Data extracts:

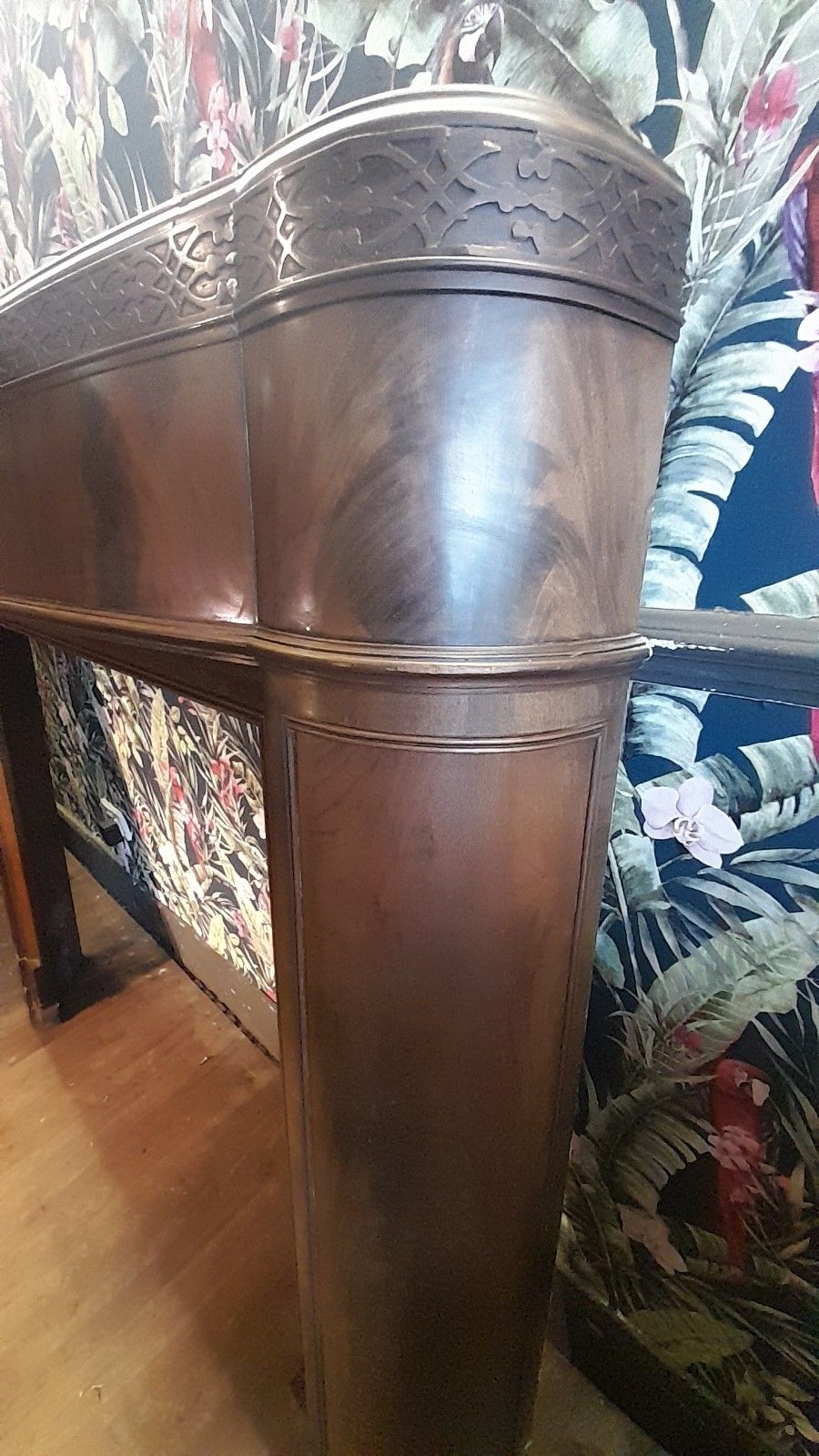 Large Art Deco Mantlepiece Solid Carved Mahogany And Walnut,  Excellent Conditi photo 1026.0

...

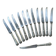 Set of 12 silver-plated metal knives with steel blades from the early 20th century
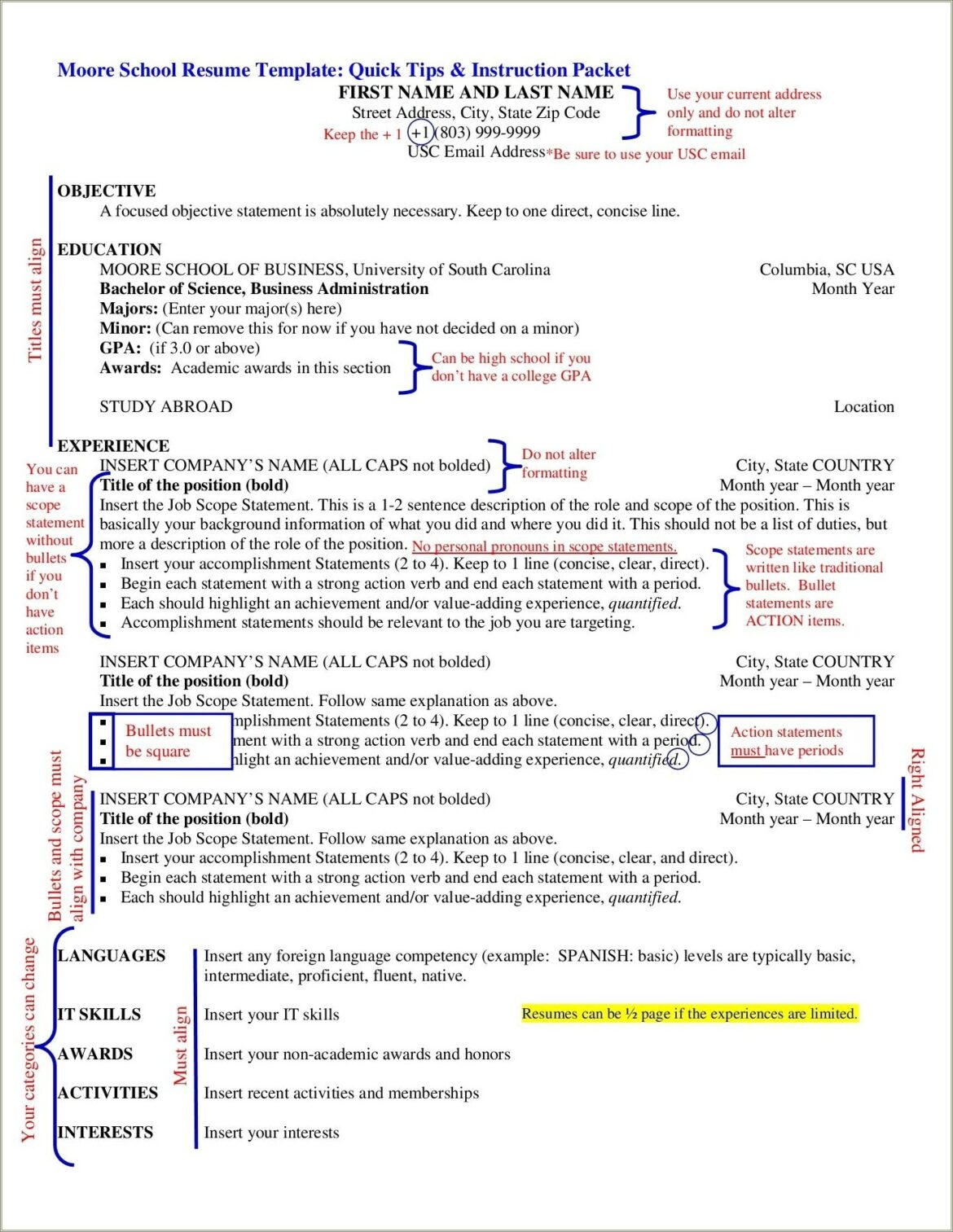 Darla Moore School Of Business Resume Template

Exercise aim:
Using the entries above, write out exactly the lines from the one with "Set of 12 silver-plated" through the one with "Darla Moore School", ends included. Leave out any pictures.

Answer for the task:
 Set of 12 silver-plated metal knives with steel blades from the early 20th century
 Darla Moore School Of Business Resume Template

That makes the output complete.